Were America's kiddies watching TV the day Gen. Colin Powell came on vowing to isolate the Iraqi army and "kill it"? If so, not to worry. The same day, they had Barbara Bush to protect them from getting any wrong ideas about the Pentagon's killing machine. "Parents," she told reporters at a Washington reception, "should monitor their children and just be sure that they're understanding what they're seeing so they're not getting terrible nightmares."

Exactly. No bad dreams for the little ones. Instead of Dr. Seuss at bedtime, comfort them with Dr. Strangelove, currently played by Colin Powell. Explain that when the general says he will "kill it," he doesn't really mean ordering the slaughter of Iraqi human beings, only the Iraqi "army." He's killing an "it," as he says, not a "them." An "it" doesn't bleed or moan when bombed by U.S. pilots; no loved ones grieve at home.

Mrs. Bush neglected to provide the details on how parents should "monitor" their children during this war. Perhaps she'd like the kids to be given a daily breakfast briefing, a family version of the Pentagon press briefing where official lies, evasions and euphemisms are dispensed.

The message from Barbara Bush is to finesse it with the kids: "Be sure they're understanding what they're seeing." That's the trouble. They do understand, only too well. There on television is a general, a national leader bedecked in every medal and ribbon imaginable to prove it, saying coldbloodedly that killing people is America's way to solve problems. As if he were talking to a kindergarten class, Powell explained that his strategy of killing "is very, very simple."

Why wouldn't children have nightmares on hearing that? The message is reinforced by seeing Pentagon-supplied film clips of bombing raids and U.S. pilots describing the emotional highs of pulverizing Iraq. The First Lady expressed no worries about the nightmares of Iraqi children who, with U.S. planes on round-the-clock invasions of their homeland, would seem to have a bit more reason for sleep disorders. Or is it only America's children that Barbara Bush frets about, Iraqi kids being worthless because they happen to live in a country ruled by a monster.

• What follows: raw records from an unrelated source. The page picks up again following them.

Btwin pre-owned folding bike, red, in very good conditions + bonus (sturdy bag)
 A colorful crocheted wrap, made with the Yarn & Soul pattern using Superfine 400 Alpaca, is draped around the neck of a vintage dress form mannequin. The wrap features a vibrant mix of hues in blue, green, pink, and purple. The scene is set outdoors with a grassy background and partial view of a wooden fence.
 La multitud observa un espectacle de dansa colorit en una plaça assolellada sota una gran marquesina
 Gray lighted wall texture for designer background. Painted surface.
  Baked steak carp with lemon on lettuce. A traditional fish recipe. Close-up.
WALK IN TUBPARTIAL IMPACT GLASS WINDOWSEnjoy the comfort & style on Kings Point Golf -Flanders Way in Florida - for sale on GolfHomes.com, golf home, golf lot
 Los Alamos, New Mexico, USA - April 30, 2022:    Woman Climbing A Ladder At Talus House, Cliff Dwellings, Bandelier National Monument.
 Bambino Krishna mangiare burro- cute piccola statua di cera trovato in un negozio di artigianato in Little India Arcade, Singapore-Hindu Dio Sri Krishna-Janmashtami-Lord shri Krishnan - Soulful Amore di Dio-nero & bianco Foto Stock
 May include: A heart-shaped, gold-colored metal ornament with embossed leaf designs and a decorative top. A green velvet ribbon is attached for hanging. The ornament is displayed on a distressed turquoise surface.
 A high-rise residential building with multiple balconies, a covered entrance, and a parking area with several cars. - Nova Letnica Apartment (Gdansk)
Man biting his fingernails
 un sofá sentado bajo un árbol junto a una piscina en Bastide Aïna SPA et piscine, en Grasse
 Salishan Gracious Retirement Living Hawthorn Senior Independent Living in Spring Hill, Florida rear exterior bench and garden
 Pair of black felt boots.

In Washington, where Powell, solemn as a cleric at ordination, took his vow to kill, the city has been beside itself for years trying to get citizens to stop murdering each other. No city has a higher homicide rate. No city has a higher percentage of people who have been settling differences and scores exactly as Powell advocates: Kill the other guy.

On the same front page of The Washington Post that carried the general's thoughts, another story, a few inches down, told of a 14-year-old boy who shot and killed a 15-year-old boy. The two were arguing about a girl. The homicide wouldn't have rated more than a few back-page paragraphs, except that the victim was something of a local celebrity. He had been befriended two years ago by the chief of police. It was a mentoring relationship, with the boy often visiting the chief at his office or home. The media had paid full attention to the story of hope.

Now the child is dead, slain with a bullet through the chest from a Smith & Wesson revolver. The 14-year-old killer turned himself in and told police he kept the gun for protection. Which is what governments say: We're just using our guns, bombs and missiles to protect against those evil people over there.

What Barbara Bush asks parents to do to help their kids be "understanding" about the U.S. death machine, her husband is trying to do for all America, lest it succumb to a national nightmare if quick victory is not achieved. To show that God is on our side, Bush brought in the ultimate in evangelistic ground-and-air support, the Rev. Billy Graham. Two days after the war began, the preacher conducted a Washington prayer service for Bush and assorted politicians, generals and admirals. Long a sycophant to White House power, Graham went along with the war hysteria and blessed Bush's intervention: "There comes a time when we have to fight for peace."

He left out, as pious hawks always do, the rest of the sentence: We have to fight for peace by saturation bombing, by slaughtering Iraqi civilians and further bankrupting our own economy while we do it.

Better not say that. The children might be listening and they wouldn't understand.